Published July 20. 2013 4:00AM
Groton - The Groton Town Council is considering a blight ordinance that would fine property owners $10 to $100 a day if they allow their buildings and yards to become unsightly and leave them that way.
The proposed townwide ordinance, introduced Tuesday, would define blight as properties deemed "a serious or immediate threat to the health, safety and welfare of the community," those deemed fire hazards and those becoming "dilapidated."
Dilapidated would include properties with missing, broken or boarded-up windows for more than six months, yards strewn with trash, lawns taller than 2 feet, properties infested with rodents and structures with collapsing or missing walls and roofs.

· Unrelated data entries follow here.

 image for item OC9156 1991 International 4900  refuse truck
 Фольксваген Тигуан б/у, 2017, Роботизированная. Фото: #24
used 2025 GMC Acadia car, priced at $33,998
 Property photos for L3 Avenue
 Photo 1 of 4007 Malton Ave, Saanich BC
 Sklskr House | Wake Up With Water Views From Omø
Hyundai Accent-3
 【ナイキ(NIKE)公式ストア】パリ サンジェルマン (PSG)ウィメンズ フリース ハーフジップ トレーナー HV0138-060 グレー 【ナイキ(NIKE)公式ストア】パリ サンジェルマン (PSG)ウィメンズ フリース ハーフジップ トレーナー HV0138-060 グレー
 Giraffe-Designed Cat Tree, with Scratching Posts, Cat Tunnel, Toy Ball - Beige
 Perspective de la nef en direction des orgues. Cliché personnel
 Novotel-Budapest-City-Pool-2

"It's not fair for the rest of the community to have to be subjected to this kind of visual eyesore," said Town Manager Mark Oefinger.
While the ordinance won't "instantaneously change the character of the community," he said it would give the town another tool to deal with property owners who let their buildings or yards go.
Anastasios Tamtelen said he has had to look at the overgrown thicket next door for six years. Tamtelen owns Groton Townhouse Family Restaurant on Route 12, and the property adjacent to his has grown into a jungle of bamboo more than 15 feet tall in some places, obscuring the windows of his restaurant, he said.
Wooden planks on the building next door are falling down; weeds have taken over the parking lot.
"They have a sign 'for sale.' I guess the price is too high and no one's buying it," Tamtelen said. He said the building doesn't bother him, but the bamboo and grass do because people can't see his restaurant sign. He cut the thicket himself about two years ago, but he doesn't want to get into trouble.
"Somebody should come in here and clean this up," he said.
According to town records, the property is owned by Cassette LLC, of which Gretchen Chipperini is listed as agent under the state's website for registering businesses. The Chipperini family owned the house at 23 Library St. in Mystic that was the subject of controversy among neighbors and destroyed by arson fire in 2008. Groton town officials took Chipperini to court almost a year after the fire to enforce an order that the house be demolished for safety reasons.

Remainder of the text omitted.